SUPPLIED MATERIAL:
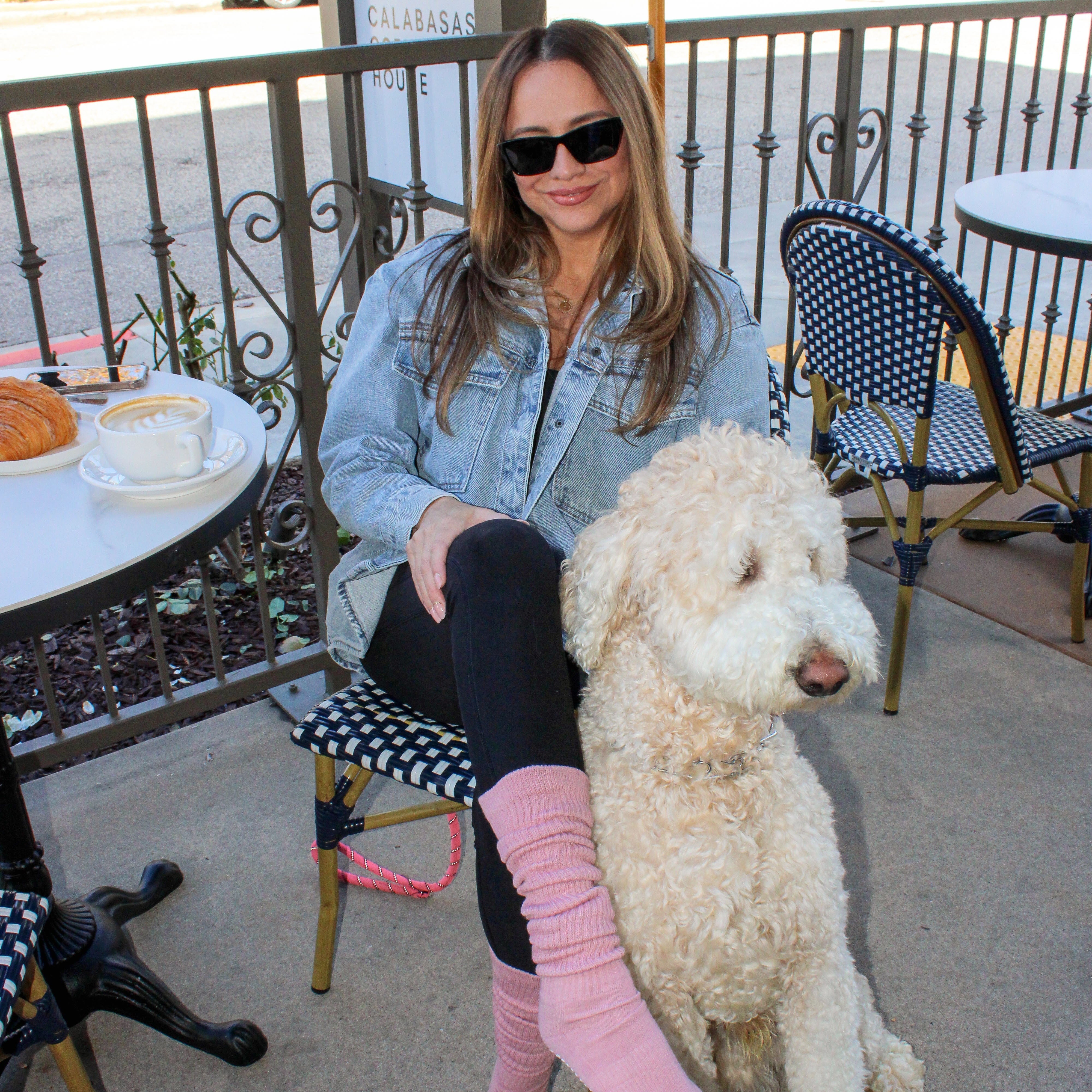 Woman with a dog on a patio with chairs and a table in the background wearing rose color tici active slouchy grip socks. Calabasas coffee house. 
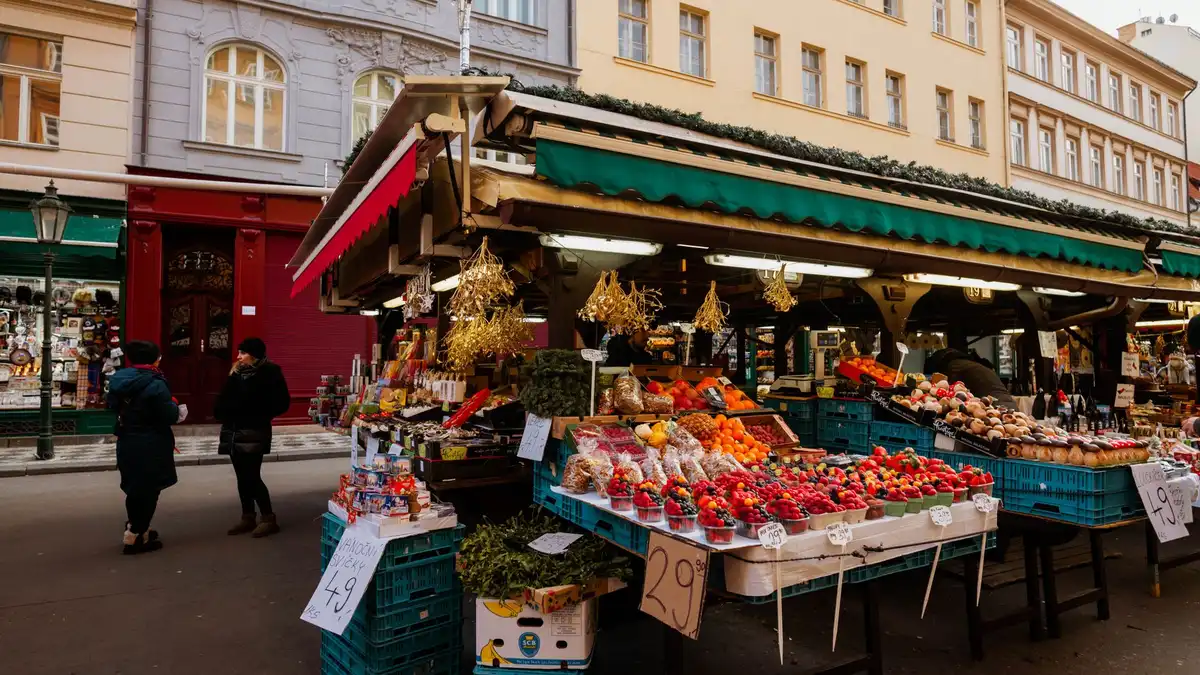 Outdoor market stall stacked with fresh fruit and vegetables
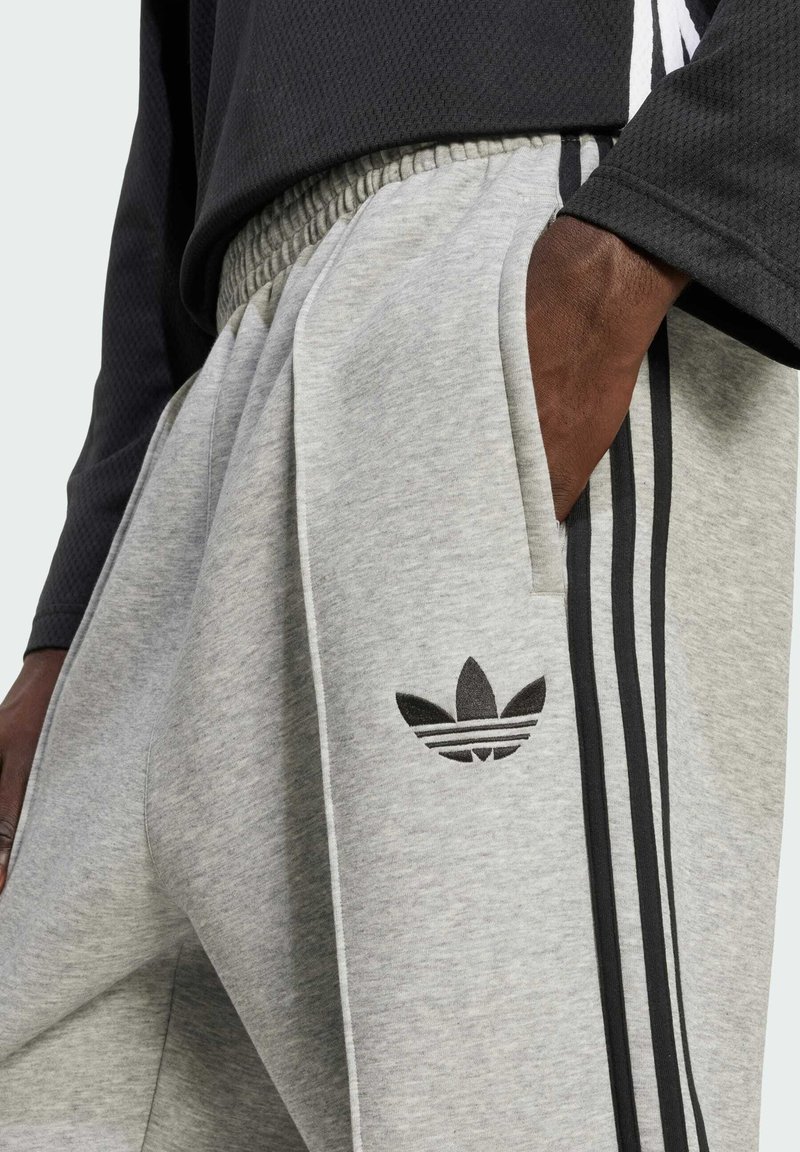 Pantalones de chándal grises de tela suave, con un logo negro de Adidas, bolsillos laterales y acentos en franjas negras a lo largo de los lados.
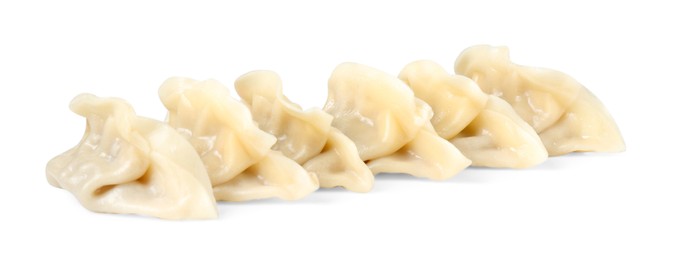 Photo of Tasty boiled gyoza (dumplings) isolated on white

ASSIGNED TASK: Begin at the line containing "Pantalones de chándal" and stop at the last line of the data. Repeat only those lines, exactly, and leave out the pictures.

ANSWER TO THE EXERCISE:
 Pantalones de chándal grises de tela suave, con un logo negro de Adidas, bolsillos laterales y acentos en franjas negras a lo largo de los lados.
 Photo of Tasty boiled gyoza (dumplings) isolated on white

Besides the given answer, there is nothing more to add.